Jaguars typically display a golden colored pelage with black rosettes that appear from afar as spots. In some jaguars, the entire pelt is black. The jaguar is highly adaptable and known to range widely and occupy a variety of different types of ecosystems, from tropical rainforests to grasslands, deserts, woodlands, and even high elevation mixed conifer forests of spruce and fir.
The litigation, targeting Interior Secretary Gale Norton and her Fish and Wildlife Service, seeks to jumpstart conservation actions through the timely creation of a recovery plan, six years after the jaguar was listed as an endangered species in the United States.

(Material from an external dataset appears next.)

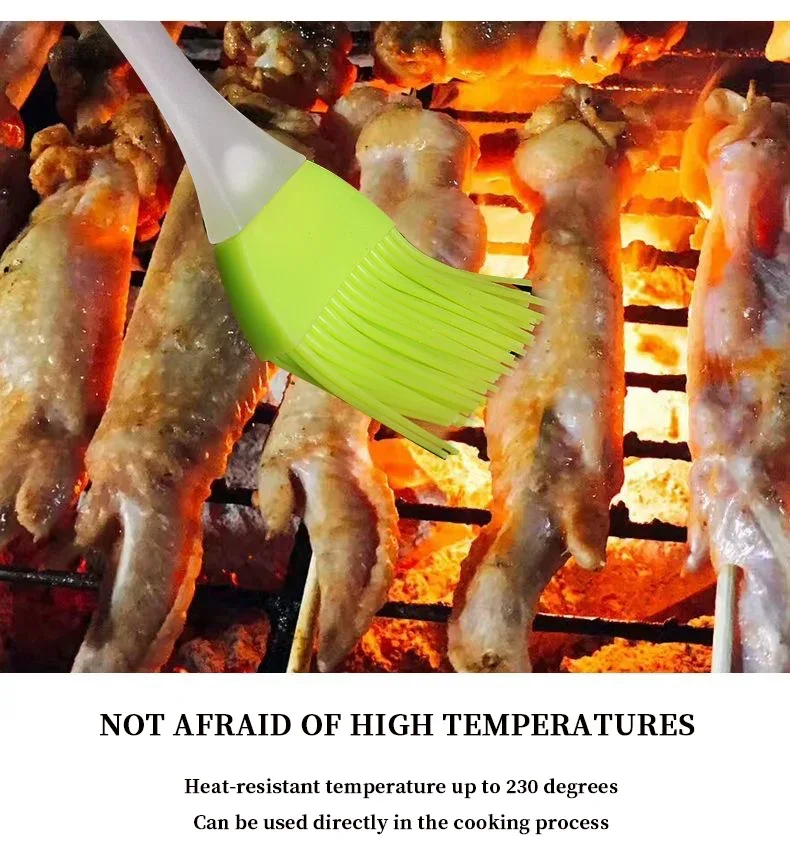 DIY vysoká teplota odolná voči silikónu na pečenie kefy s krémom na kefku s kefou na grilovanie Essenciálne náradie na pečenie grilu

The suit also cites the failure of the Fish and Wildlife Service to designate critical habitat for the jaguar.
A recovery plan is an overarching planning document that takes into account how an animal or plant became imperiled and what steps are necessary to recover that species. Without a recovery plan, conservation measures may be piecemeal and inadequate to the task.
Killing of jaguars by the federal government and private individuals as well as human encroachment into jaguar habitat resulted in its extirpation from the U.S..
Heightened conservation measures are crucial to allowing jaguars to reclaim their ancestral territory before new border fences, roads and sprawling rural developments cut off migratory routes and prevent jaguars from re-establishing themselves in New Mexico and Arizona.
" Within one human lifetime this crowning jewel of American wildlife heritage has been eliminated from our wilderness" said Scotty Johnson of Defenders of Wildlife, chair of the interagency Jaguar Conservation Team outreach committee.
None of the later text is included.